── Records for processing

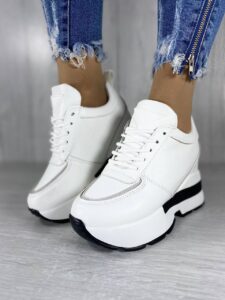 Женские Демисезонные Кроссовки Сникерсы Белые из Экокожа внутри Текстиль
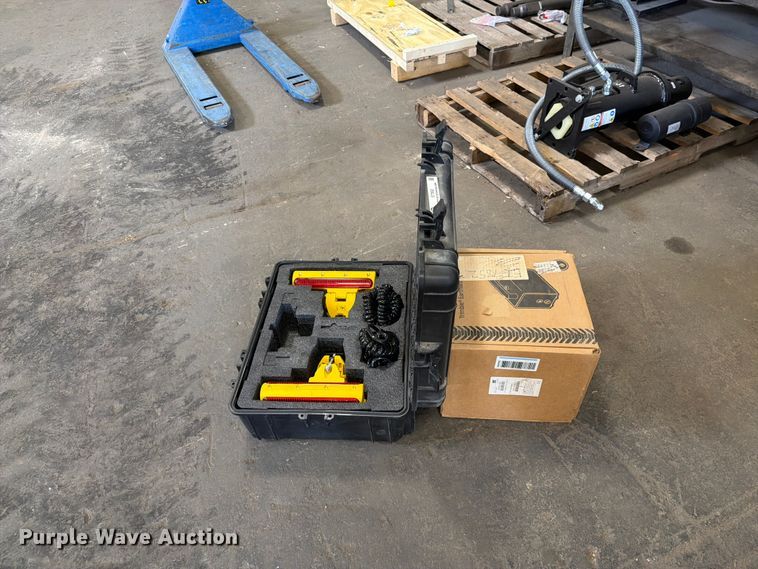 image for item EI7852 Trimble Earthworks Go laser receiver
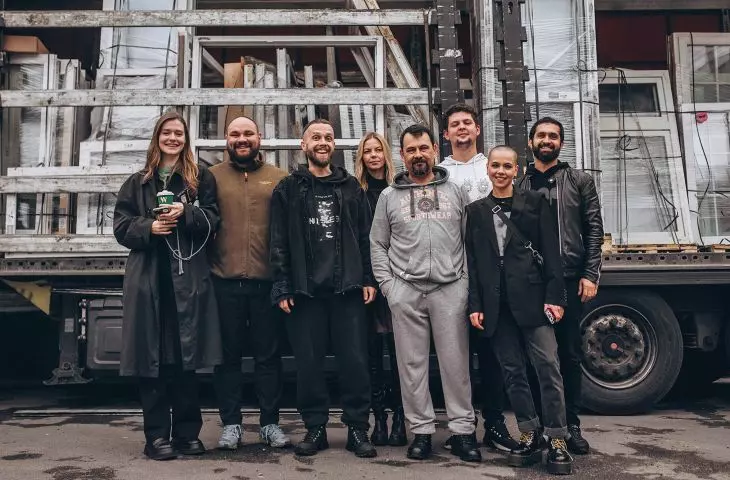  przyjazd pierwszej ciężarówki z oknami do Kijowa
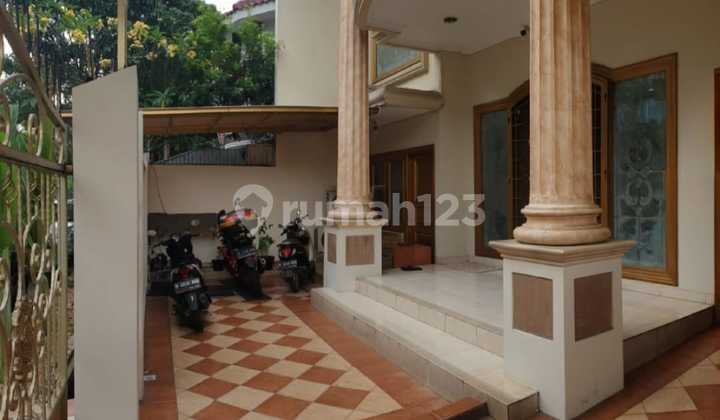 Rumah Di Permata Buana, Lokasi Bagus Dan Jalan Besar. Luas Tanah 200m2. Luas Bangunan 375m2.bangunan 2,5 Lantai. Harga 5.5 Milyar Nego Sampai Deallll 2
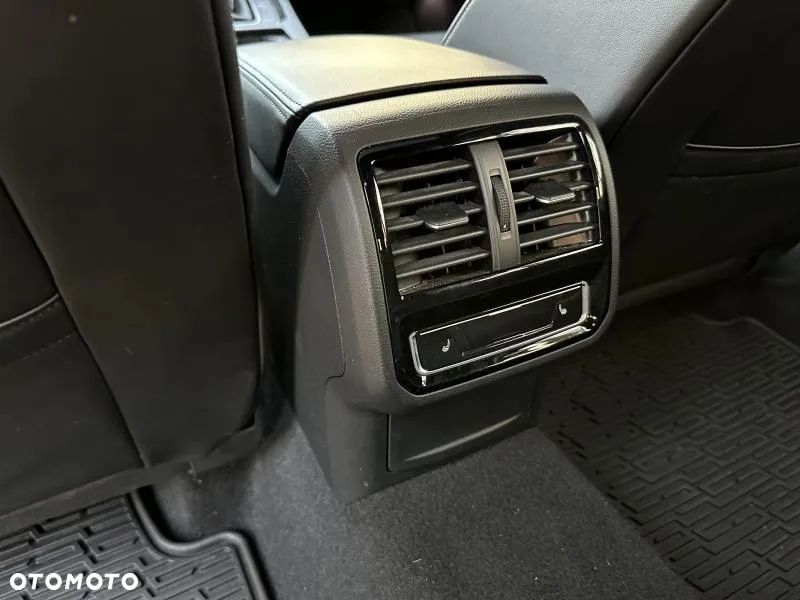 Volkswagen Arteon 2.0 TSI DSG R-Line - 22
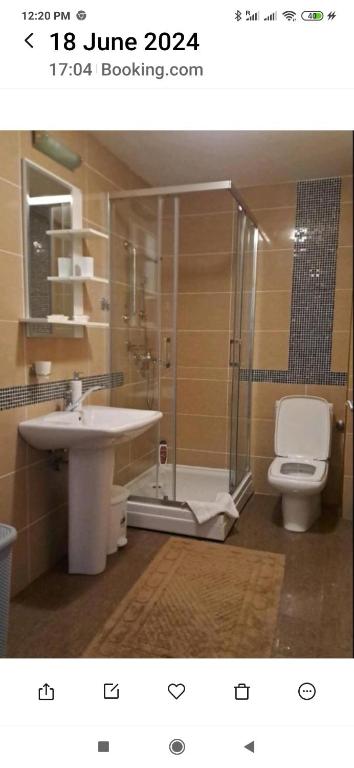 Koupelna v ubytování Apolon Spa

────
── Records for processing

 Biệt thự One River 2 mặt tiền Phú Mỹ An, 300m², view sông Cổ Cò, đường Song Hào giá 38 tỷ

────
── Records for processing

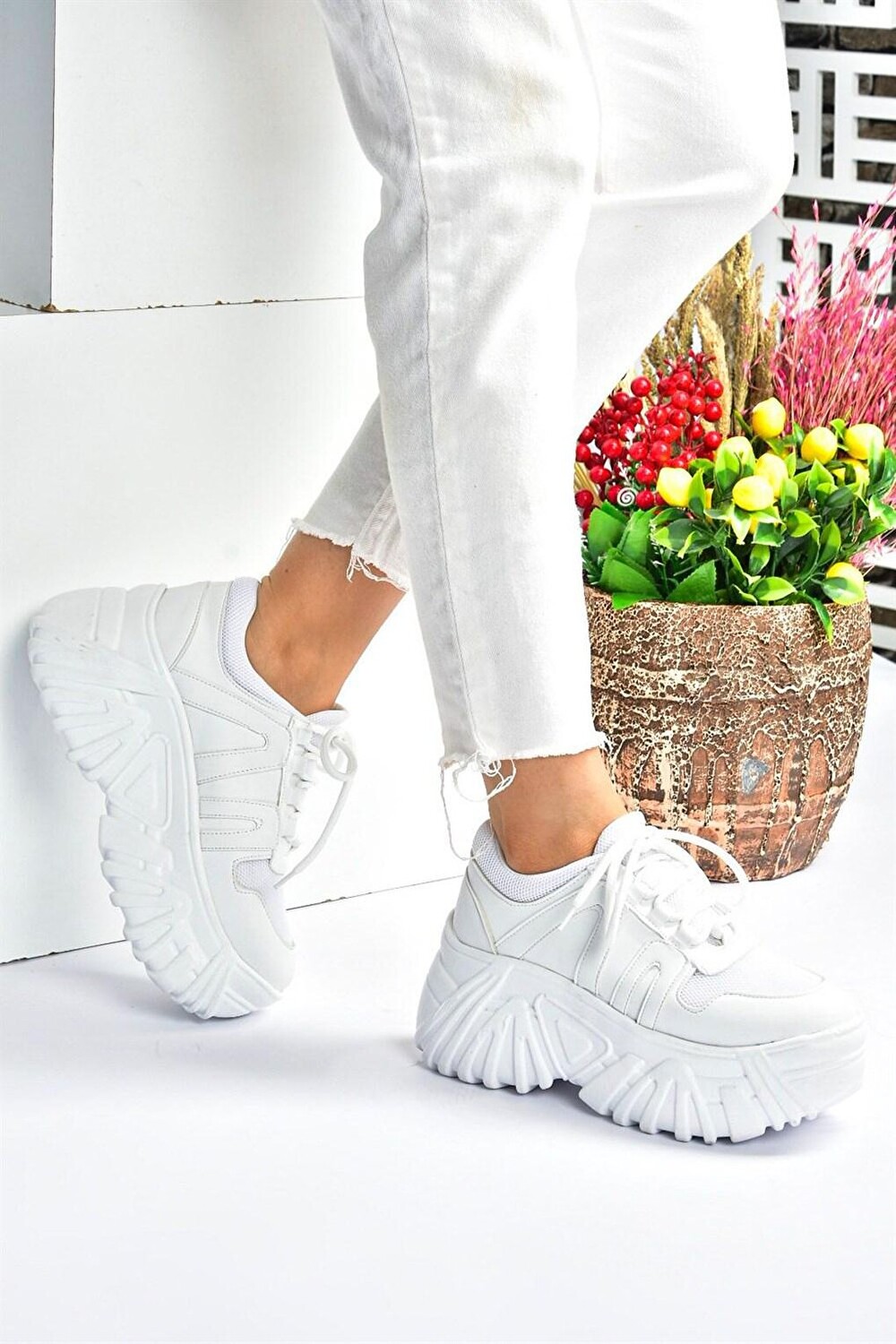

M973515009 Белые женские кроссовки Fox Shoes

────

**Assignment**
Print the line above containing "image for item", the line containing "przyjazd pierwszej ciężarówki", and everything between them, exactly as written. Pictures stay out.

**Expected answer**
 image for item EI7852 Trimble Earthworks Go laser receiver
  przyjazd pierwszej ciężarówki z oknami do Kijowa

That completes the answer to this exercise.